> PROBLEM TO SOLVE
Starting with the line that contains "Fauteuil de canapé-lit", set down each line through the end of the entries below, exactly and with nothing added.
:: SUPPLIED DATA
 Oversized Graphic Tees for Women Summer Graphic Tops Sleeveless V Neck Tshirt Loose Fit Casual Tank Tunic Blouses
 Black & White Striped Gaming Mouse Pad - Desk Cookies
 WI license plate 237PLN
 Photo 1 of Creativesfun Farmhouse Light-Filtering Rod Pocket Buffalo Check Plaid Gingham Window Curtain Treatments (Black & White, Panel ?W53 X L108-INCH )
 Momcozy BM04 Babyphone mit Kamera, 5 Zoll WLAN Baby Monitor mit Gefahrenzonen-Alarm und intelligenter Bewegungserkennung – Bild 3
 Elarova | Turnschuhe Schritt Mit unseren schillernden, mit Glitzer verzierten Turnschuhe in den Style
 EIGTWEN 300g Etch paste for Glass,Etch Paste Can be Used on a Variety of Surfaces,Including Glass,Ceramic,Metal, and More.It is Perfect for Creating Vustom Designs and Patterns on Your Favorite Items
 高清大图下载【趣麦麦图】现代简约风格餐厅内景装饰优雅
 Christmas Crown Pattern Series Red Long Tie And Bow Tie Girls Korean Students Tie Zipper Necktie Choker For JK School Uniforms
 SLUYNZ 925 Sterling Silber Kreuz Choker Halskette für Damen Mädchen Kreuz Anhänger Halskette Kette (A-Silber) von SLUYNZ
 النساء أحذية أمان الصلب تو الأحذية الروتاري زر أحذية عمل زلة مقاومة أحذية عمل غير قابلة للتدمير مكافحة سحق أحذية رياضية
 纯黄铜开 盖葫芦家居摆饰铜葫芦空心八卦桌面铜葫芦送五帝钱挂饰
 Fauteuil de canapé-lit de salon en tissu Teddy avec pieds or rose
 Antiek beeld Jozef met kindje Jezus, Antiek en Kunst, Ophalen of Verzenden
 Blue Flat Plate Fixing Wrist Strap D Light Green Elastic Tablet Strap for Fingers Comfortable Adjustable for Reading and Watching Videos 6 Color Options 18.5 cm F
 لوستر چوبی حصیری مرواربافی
::::
> SOLUTION
 Fauteuil de canapé-lit de salon en tissu Teddy avec pieds or rose
 Antiek beeld Jozef met kindje Jezus, Antiek en Kunst, Ophalen of Verzenden
 Blue Flat Plate Fixing Wrist Strap D Light Green Elastic Tablet Strap for Fingers Comfortable Adjustable for Reading and Watching Videos 6 Color Options 18.5 cm F
 لوستر چوبی حصیری مرواربافی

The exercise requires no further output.